Tuesday, May 24, 2016

Plato’s Phaedo and John Burnet on Xenophon’s Socrates

Russell says in his History of Western Philosophy that Burnet suggests that Xenophon is copying Plato in depicting Socrates. This served Russell as a major factor in his refraining from discussing the historical Socrates, and, in this respect, the majority of classical philosophers are in harmony with Bertrand Russell. So let us examine the reasons that led Burnet to his view.

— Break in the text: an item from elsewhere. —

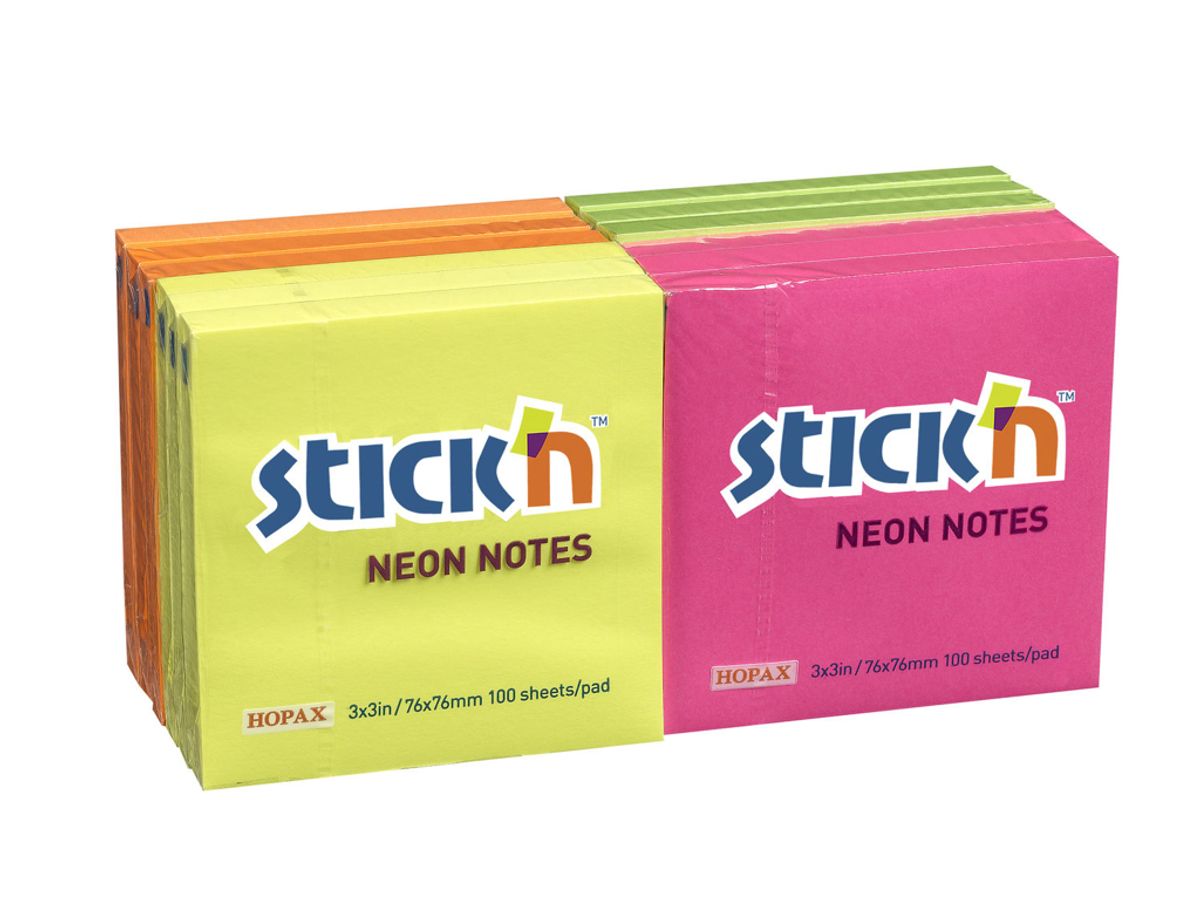 Notes Stick`N 76x76 mm Neon gul, blå,Magenta, Grøn 12 stk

John Burnet says in the ‘Introduction’ to his edition of Plato’s Phaedo: ‘If only we may take the Phaedo for what it professes to be, it surely stands quite by itself in European literature. It does not, indeed, claim to be a word for word report of all Socrates said to the inner circle of his followers on the day he drank the poison in prison. By letting us know incidentally (59b10) that he was not present, Plato seems to decline responsibility for the literal exactitude of every detail … We are certainly led to believe that it gives us a truthful record of the subjects on which Socrates discoursed on the last day of his life, and of his manner of treating them. No reader who made his first acquaintance with Socrates here could possibly suppose anything else … it is the likeness of a great philosopher in the supreme crisis of his life, drawn by a philosopher who was greater still, and was also one of the most consummate dramatic artists the world has known. It would not be easy to find the match of such a work.’ (Clarendon Press, Oxford, 1911, reprinted 1977, pp. IX-X)

In his effort to give back to the reader the possibility of re-living the last day of Socrates with his disciples Burnet found it imperative to discredit Xenophon as an independent source of information about Socrates: ‘The interpretation which finds nothing in the Phaedo but the speculations of Plato himself is based on the belief that “the historical Socrates”, of whom we may get some idea from Xenophon, is quite a different person from “the Platonic Socrates”. What the latter is made to say is treated as evidence for the philosophy of Plato, but not for that of Socrates himself … The general acceptance of this in recent times is apparently due to the authority of Hegel. Speaking of Socrates, he lays down that “we must hold chiefly to Xenophon in regard to the content of his knowledge, and the degree in which his thought was developed” [Gesch. Der Phil. II. 69), and this dictum became a sort of dogma with the Hegelian and semi-Hegelian writers to whom we owe so much of the best nineteenth-century work in the history of Greek philosophy.’ (pp. XII-XIII)

Burnet protested against this view of the Phaedo: ‘I cannot bring myself to believe that Plato falsified the story of his master’s last hours on earth by using him as a mere mouthpiece for novel doctrines of his own.’ (p. XI)

Burnet’s attempt to give the Phaedo back to the reader failed miserably. A whole section of the Sixth International Congress of Philosophy, held in 1927 in New York, was devoted to the condemnation of his views. (See The Lost Plato on my website, ‘The Introduction’) What nevertheless prevailed was his discrediting of Xenophon as a source of information on the historical Socrates.